In order to prove the proposition, two lemmas will be helpful.

Lemma A.0.10. Let M be a real $n\times m$ matrix such that for each entry, m_ij, we have that $| {m}_{{ij}}| \leqslant \epsilon$ , for $\epsilon \gt 0$ . Then

$\begin{eqnarray*}&&\parallel M{\parallel }_{\mathrm{op}}\leqslant {nm}\epsilon ,\end{eqnarray*}$

where $\parallel .{\parallel }_{\mathrm{op}}$ is the operator norm.

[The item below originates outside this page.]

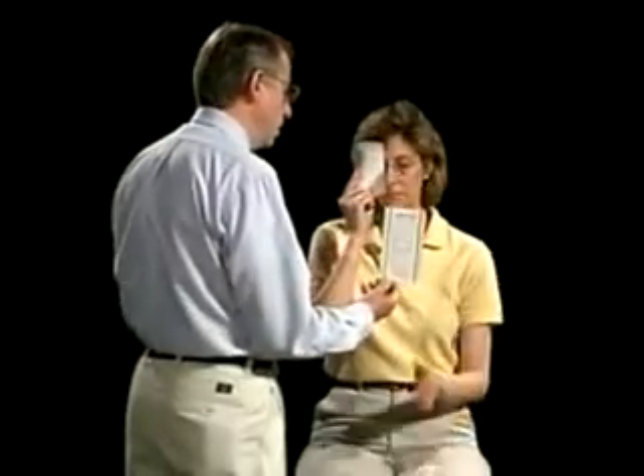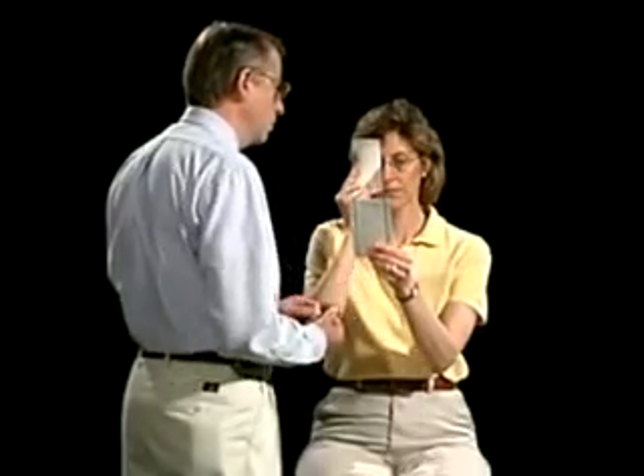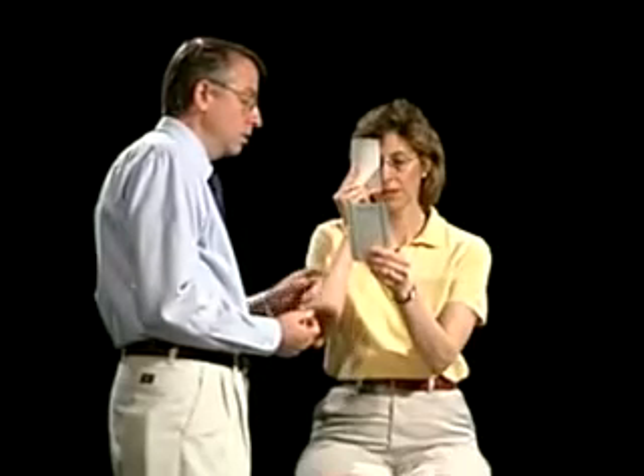During the visual acuity test, I want you to wear your reading glasses and hold this card over your right eye. We're going to use a pocket Snellen chart, and I want you to hold this in your own hand so it's comfortable — it's your length of focus for you. Read the smallest line. Which line can you read?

Proof. Let M_i be the ith row of M. Then

$\begin{eqnarray*}&&{| {M}_{i}| }_{E}=\sqrt{\displaystyle \sum _{j=1}^{m}{m}_{{ij}}^{2}}\leqslant \displaystyle \sum _{j=1}^{m}| {m}_{{ij}}| \leqslant \epsilon m,\end{eqnarray*}$

where $| .{| }_{E}$ is the Euclidean norm, hence

$\begin{eqnarray*}&&{| {Mv}| }_{E}\leqslant \displaystyle \sum _{{i}^{=}1}^{n}| {M}_{i}v| \leqslant \displaystyle \sum _{i=1}^{n}\epsilon m={nm}\epsilon ,\end{eqnarray*}$

for $| v| =1$ , where the second inequality follows from the Cauchy–Schwarz inequality. Thus $\parallel M{\parallel }_{\mathrm{op}}\leqslant {nm}\epsilon .$ !□

Lemma A.0.11. Let ${\{{M}_{i}\}}_{i=1}^{{\mathsf{T}}}$ and $\{{\tilde{M}}_{i}\}{}_{i=1}^{{\mathsf{T}}}$ be two sets of matrices. Then the T-fold product of these matrices satisfies

$\begin{eqnarray*}&&\parallel {M}_{T}...{M}_{1}-{\tilde{M}}_{T}...{\tilde{M}}_{1}{\parallel }_{\mathrm{op}}\leqslant {D}^{T-1}\displaystyle \sum _{i=1}^{T}\parallel {M}_{i}-{\tilde{M}}_{i}{\parallel }_{\mathrm{op}},\end{eqnarray*}$

where $D=\mathrm{max}\{\parallel {M}_{1}{\parallel }_{\mathrm{op}},...,\parallel {M}_{T}{\parallel }_{\mathrm{op}},\parallel {\tilde{M}}_{1}{\parallel }_{\mathrm{op}},...,\parallel {\tilde{M}}_{T}{\parallel }_{\mathrm{op}}\}$ .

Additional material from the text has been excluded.